Samsun’un Canik ilçesinde aşırı yağış nedeniyle Mert ırmağının taşmasıyla meydana gelen selde 12 kişi hayatını kaybetti. İnsanlar, TOKİ’nin dere yatağına inşa edilmiş konutlarının alt katlarında çaresizce ölüme teslim oldular. Araziye para vermemek ve daha fazla kazanmak uğruna feda edilen canların hesabını vermek yerine salına salına ortalarda gezen başta Çevre ve Şehircilik Bakanı Erdoğan Bayraktar olmak üzere AKP yetkilileri suçu doğanın üzerine yıkıverdiler. Buradan da anlaşıldı ki, gerçek sorumlular gizlenecek, gözümüzün içine baka baka aklanacak ve zeytinyağı gibi su üstüne çıkarılacaklardı. Öyle de oldu. Şimdilerde selde hayatını kaybeden insanlarımızı tıpkı Roboski katliamında olduğu gibi, iş cinayetlerinde vb. olduğu gibi üç kuruşluk kan parası ile susturmaya çalışıyorlar.
Olayın üzerinden çok zaman geçmeden AKP cenahından inciler hızla dökülmeye başladı. Çok yağmur yağmıştı! Ayrıca Rusya’da da sel olmuş, üstelik daha çok insan ölmüştü! Kaderden de kaçılmazdı ki canım! Hem bu kadarı da haksızlıktı, biraz insaflı olunmalıydı! Bu kadar insan konut sahibi yapılmıştı! Ayrıca sel vesilesiyle hayatını kaybeden kapıcı aileleri sayesinde kapıcı daireleri gözden geçirilecek ve bundan böyle kapıcılar da mutlu olacaktı! Daha ne yapsınlardı!

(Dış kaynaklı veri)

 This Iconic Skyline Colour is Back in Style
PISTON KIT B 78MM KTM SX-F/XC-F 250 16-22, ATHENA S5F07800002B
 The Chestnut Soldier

Selin yaşandığı Samsun başta olmak üzere birçok kentte TOKİ, şehir plancıları tarafından uyarılmasına rağmen, bildiğinden şaşmamıştı. TOKİ’ye Allah “yürü ya kulum” demişti. Kim tutabilir, kim denetleyebilir, kim hesap sorabilirdi? Bir gazetenin manşetinde yazdığı gibi “TOKİ direkt Allah’a bağlı” idi. Dere yatağı, sel yatağı, deprem bölgesi demeyip mantar gibi dikti binaları. Binlerce konut, binlerce bina, binlerce gökdelen yükseldi Türkiye’nin dört bir yanında. Bazı bölgelerde 1+1 dairelerin fiyatlarının 2,5 milyon liranın bile üzerine çıktığı bu projeler sözde dar gelirliyi konut sahibi yapmak için başlatılmıştı. Dar gelirliyi konut sahibi yapamadılarsa da, yaşanan bu sel sonrası mezar sahibi yapacaklarını garantilemiş oldular.

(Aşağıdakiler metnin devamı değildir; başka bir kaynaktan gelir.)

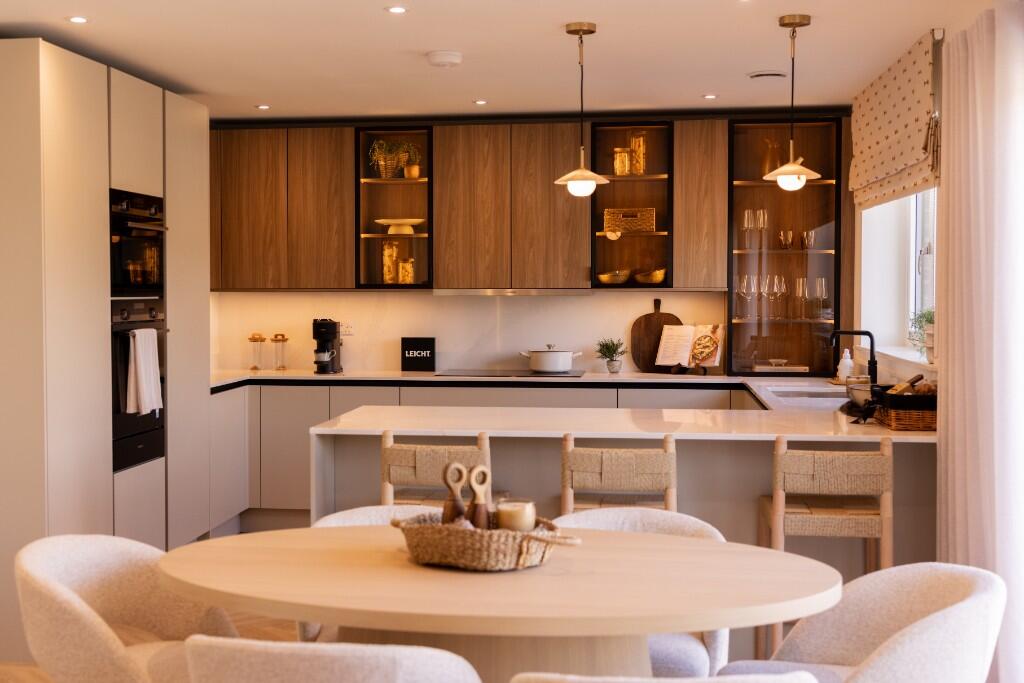 Main image of property: Harker Place
Kingmoor Park,
Harker Estate,
CA6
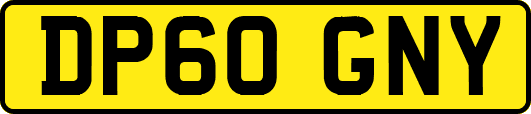 DP60GNY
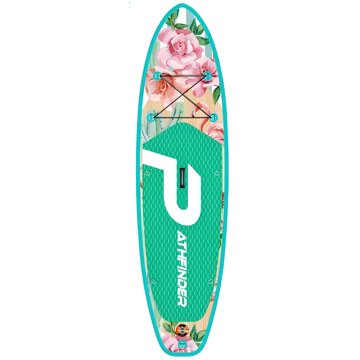 

PATHFINDER Flamingo Green 10'2''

Söz konusu para kazanmak, daha çok zengin yaratmaksa kapitalizmde gerisi teferruattır. Bu kadar çok kazanan ve 30 milyar liradan fazla yatırım yaptığından söz edilen TOKİ’nin “başarı”sının sırrı açıktır. İstimlâk parası ödememek için dere yataklarına bile konut dikilmektedir. Emek, zaman ve paradan tasarruf etmek için, konut alanları görülmeden masa başında çizilen standart projelerle binalar yapılmaktadır. Rize Şehir Plancıları Derneği’nin açıklamaları ve uyarıları tehlikenin boyutunu ortaya koymaya yetiyor. Dernek başkanı, “siyasetin yön verdiği canımızı yakan projeler ortaya çıkıyor. TOKİ’den mesela bir imar planı geliyor. Bakıyorum o planı çizen kişi buraya hiç gelmemiş, belki de buranın fotoğrafını bile görmemiş” diyor. Selin ortaya çıkardığı gerçekler, yaşanan felâketin sadece buz dağının görünen yüzü olduğunu, daha büyük felâketlerin kapıda olduğunu kanıtlıyor.

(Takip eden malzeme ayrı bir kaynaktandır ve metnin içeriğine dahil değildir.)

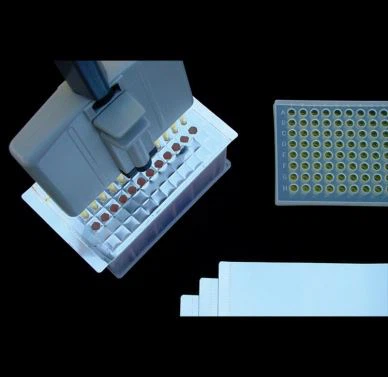 AlumaSeal II Sealing Films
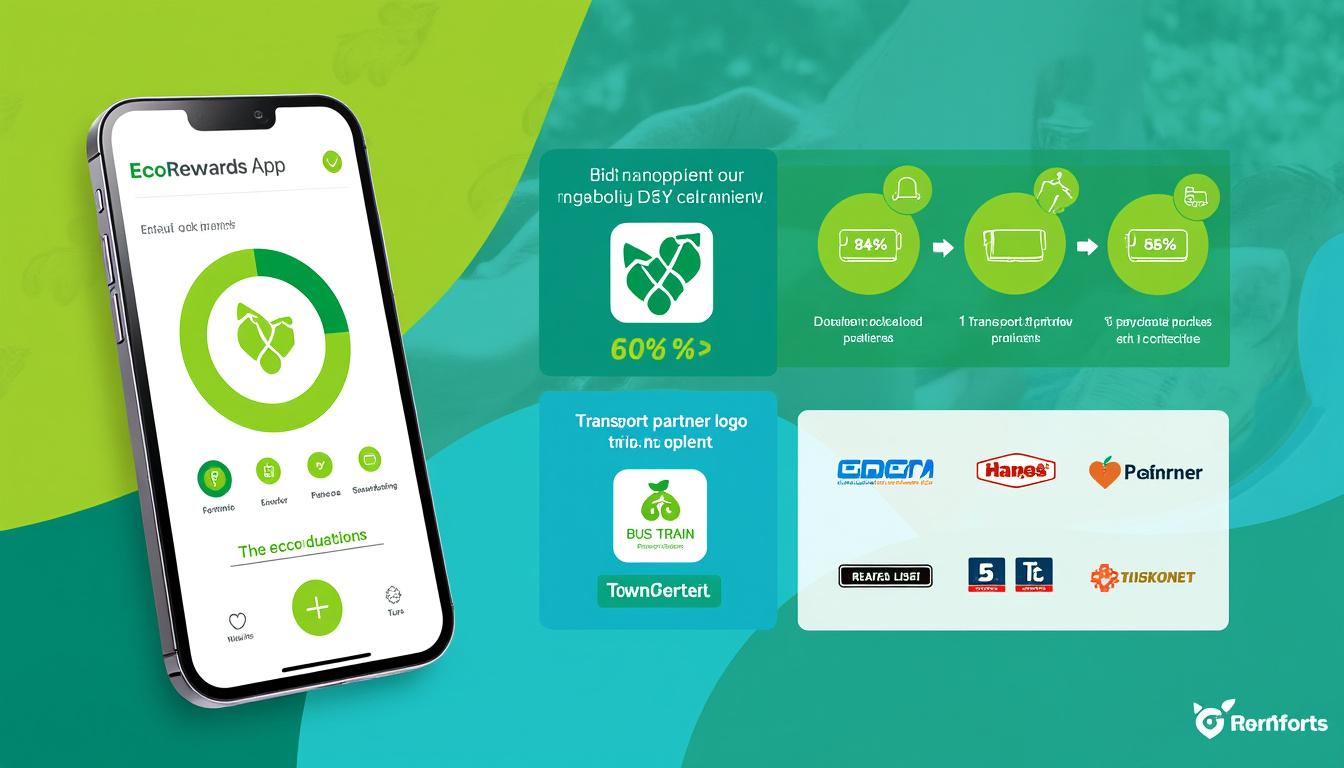 découvrez comment réduire votre empreinte carbone tout en étant récompensé grâce au code parrainage moovance. profitez d'avantages exclusifs en adoptant une mobilité durable.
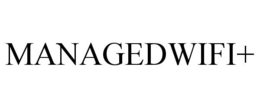 MANAGEDWIFI+ trademark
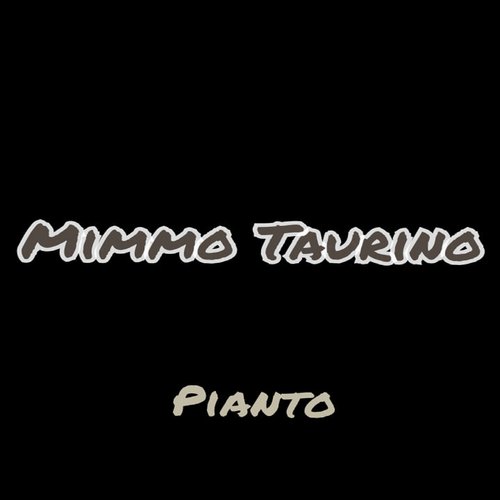 Senza 'e te nun pozzo sta cover art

Kamulaştırma yoluyla dar gelirli işçi ve emekçilerden ucuza kapatılan arazilere yapılan bina ve gökdelenlerden büyük bir rant elde edilmektedir. Geçmişte büyük kentlerin dış mahalleleri olarak bilinen yerlerde, şimdilerde gecekondular yıkılıyor ve fiyatları dudak uçuklatan lüks siteler yükseliyor. Giderek sayıları artan zenginler için korunaklı yaşam alanları kuruluyor. Yoksullar ise yine yoksul. Onlar kentin kalbinden sökülüp kent dışına doğru kurulan konutlara gönderiliyor. Verilen konutlar boy boy reklamlar eşliğinde, törenlerle veriliyor. Çekilişlerde ağlıyor insanlar, bütün bir ömür çalışıp sahip olamadığı dört duvara sahip olabildiği için sevinerek. Ama işte o insanlarımızın TOKİ konutlarından sahip oldukları evlerin anahtarları ne acıdır ki mezar anahtarı da olabiliyor.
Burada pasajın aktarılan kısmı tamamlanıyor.